Nach damaliger Ratsauffassung hätte schließlich jeder Arbeiter das Recht, zu erfahren, wer da in der Kreide stünde. Heute undenkbar, scheute man 1953 nicht, die Namen der Schuldner öffentlich zu nennen. Darunter auch den von Albert Haufe. Er war Schneidermeister in Demitz-Thumitz. Er hatte Steuern und Sozialversicherungsbeiträge nicht gezahlt. Und er gehörte praktisch zur Familie. „Die Mutter meiner Pflegemutter war ebenfalls Pflegemutter, sie hatte Albert Haufe aufgezogen“, sagt sie. Als Schneidermeister war er es, der Sonja und Manfred Glathe zur Hochzeit einkleidete. „An ein weißes Hochzeitskleid war nicht zu denken. Spitze gab es nicht“, sagt Sonja Glathe, die es nicht vermisste. Albert Haufe hatte einen dunkelblauen Stoff besorgt und daraus für den Bräutigam einen Anzug und für seine Braut ein Kostüm genäht. Sonja Glathe trug eine weiße Bluse darunter und ein Myrthekränzchen im Haar.

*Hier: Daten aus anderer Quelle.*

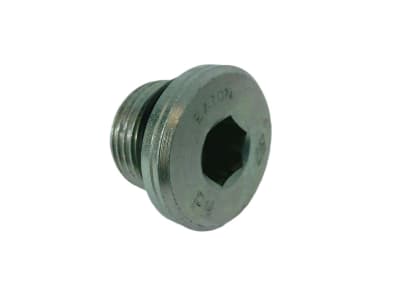 EATON CORPORATION WAL036862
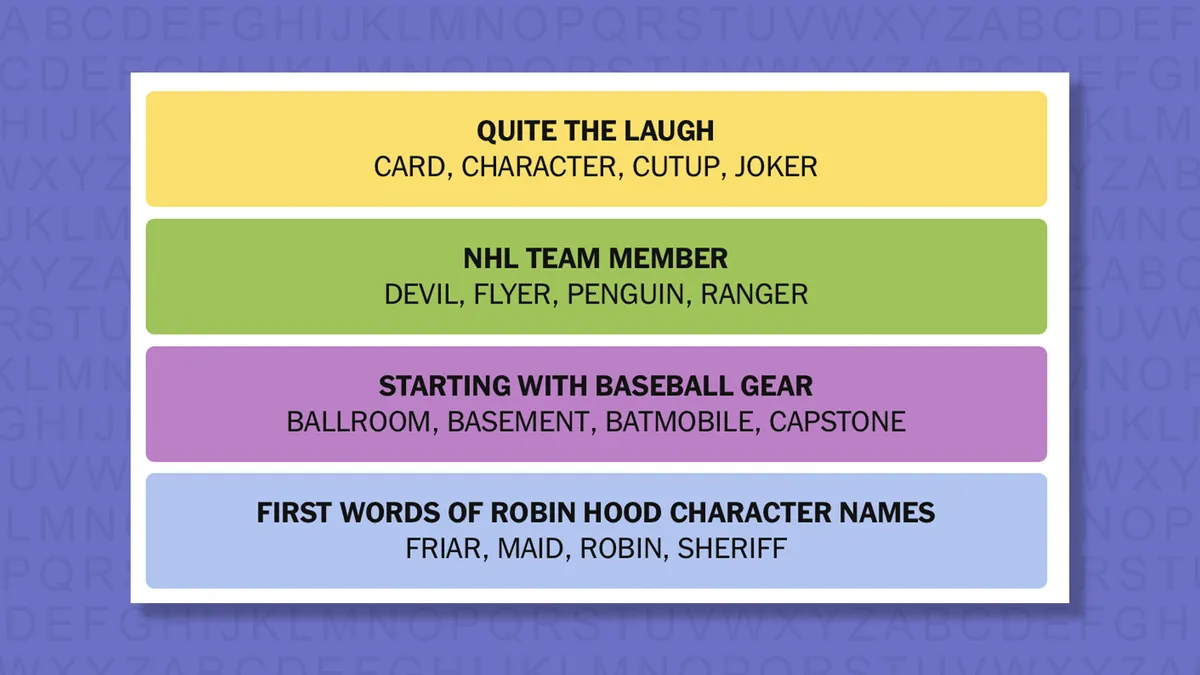 GHRHQoF95cBLMPEDtPBDD7120080jpg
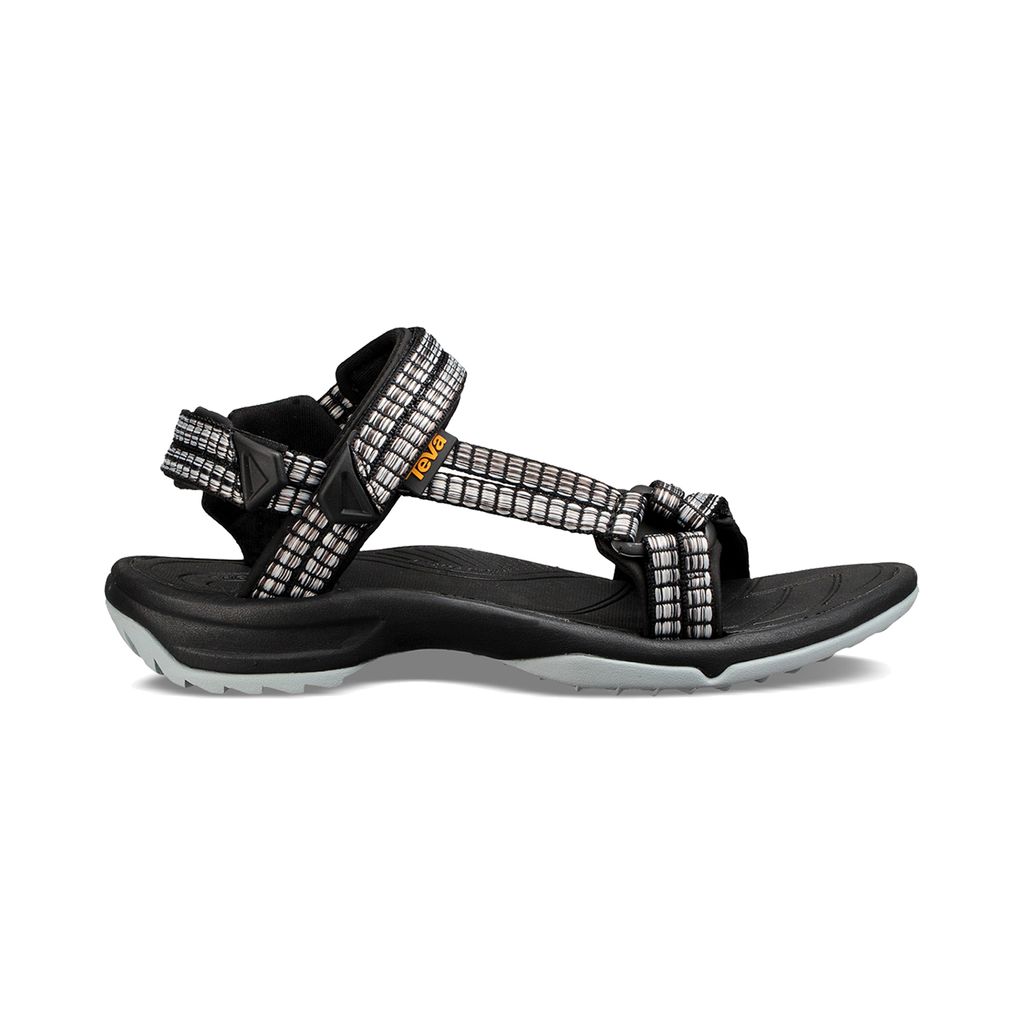TEVA Terra FI Lite Damen schwarz 37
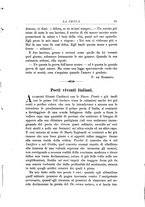 giornale/RML0054233/1891/unico/00000095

Vom Fest direkt ins Gefängnis

Albert Haufe war zur Hochzeit geladen. Doch der Stadtratsbeschluss, Steuersünder konsequenter zu verfolgen und hart zu bestrafen, sollte das Fest stören und Alberts Leben verändern: „Er wurde auf unserer Hochzeit verhaftet“, erzählt Sonja Glathe, die jene unschöne Episode schlicht vergessen hatte. Nach seiner Festnahme verschwand Albert Haufe für einige Jahre im Gefängnis. Sonja Glathe weiß noch alles darüber, doch erst das vergilbte Blättchen ließ sie wieder erinnern.

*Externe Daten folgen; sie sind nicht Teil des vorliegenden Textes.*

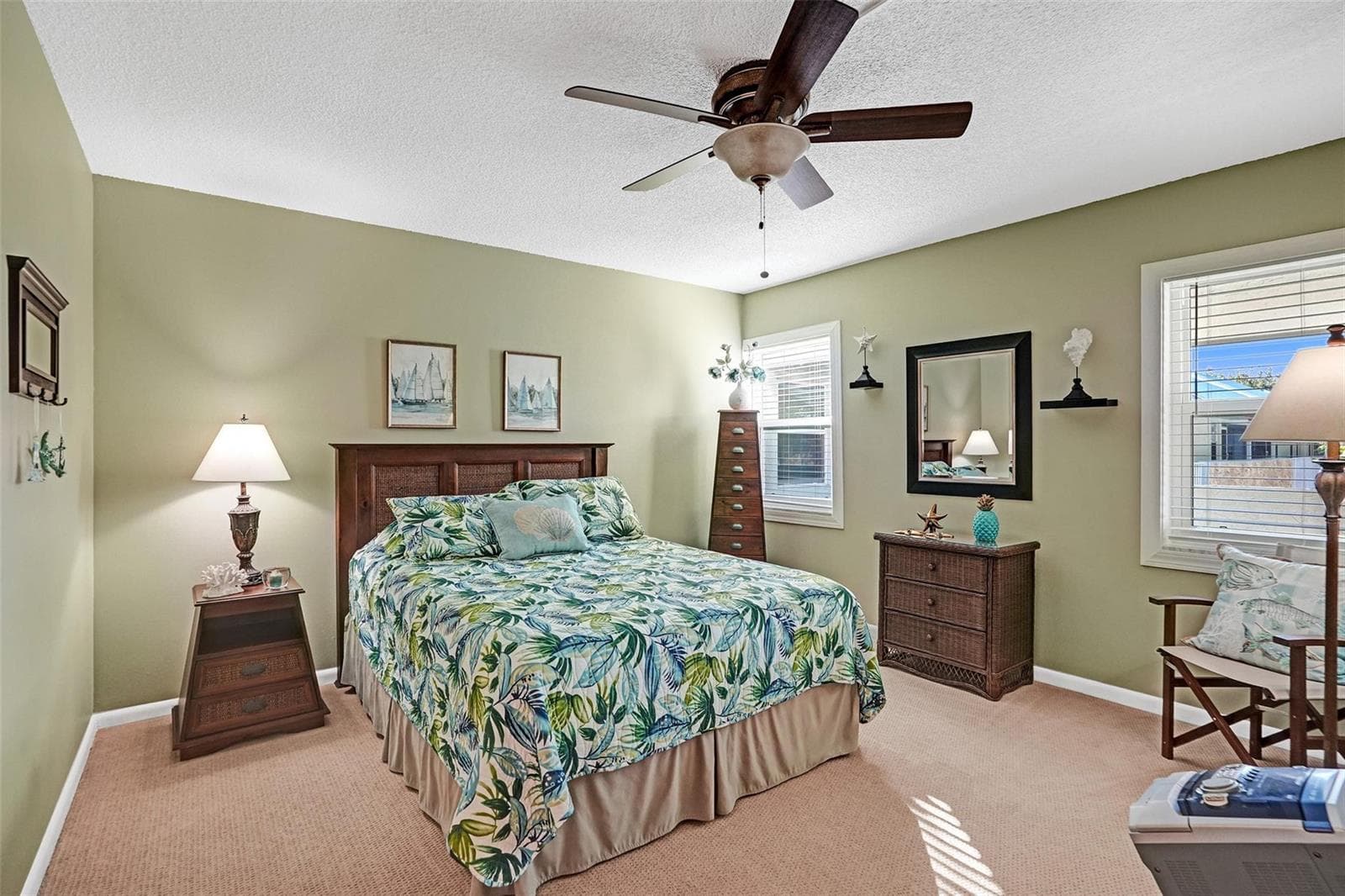 860 SE 6TH Avenue # 410, Deerfield Beach FL 33441 photo 4
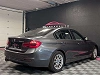 BMW 330 eA Plug-In Hybrid — GPS — Sièges chauffants — LED — Radars AV/AR thumbnail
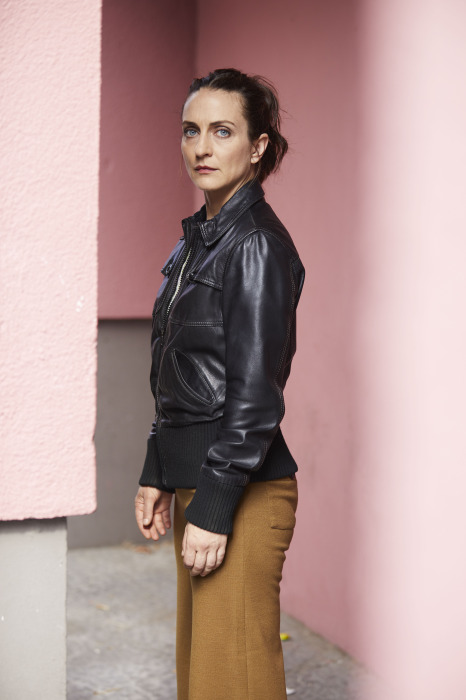 © Steffi Henn 2019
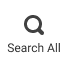 search_all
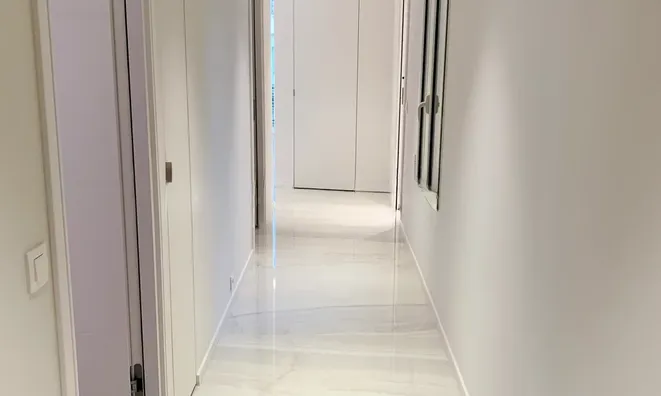 Недвижимость Apartment Monaco, Monte-Carlo: 4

Es erinnert auch an die schönste Zeit ihrer langen Ehe, die Zeit mit ihrem kleinen Sohn. Doch während sich eine Mutter aus Demitz vor 60 Jahren in der Zeitung beschwerte, dass es keine Windeln gäbe, half man sich bei Glathes selbst. „Wir haben Windeln und Hemdchen selbst genäht“, so Sonja Glathe, die nach ihrer Arbeit im Fernamt bei der Sozialversicherung tätig war. Manfred Glathe arbeitete bis zur Rente als Tischler und weiß genau, was damit gemeint war, wenn 1953 in der Zeitung stand, das beim Möbelbau der Rohstoff Holz sparsamer eingesetzt werden möge, um den Sozialismus weiter voranzubringen. Er baute im Bischofswerdaer Möbelwerk für den Export. Für die eigenen vier Wände zimmerte er, was gebraucht wurde, vom Einbauschrank bis zum Bilderrahmen. Seine Frau zog das Kind auf und kochte. Bis heute tut sie das jeden Mittag. Bis heute liebt er ihre Küche.

Unvergessliche Urlaube

Glathes sind stolz auf ihre 60 gemeinsamen Jahre. Sie gingen durch dick und dünn, sie meisterten Beruf und Familie und gönnten sich unvergessliche Urlaube in der Hohen Tatra. Bis heute reisen Glathes gern. Jetzt im Februar sind sie wieder unter die Sonne Gran Canarias gereist. Sie sind dankbar, dass Gesundheit und Geist mitspielen, um all das noch gemeinsam erleben zu können.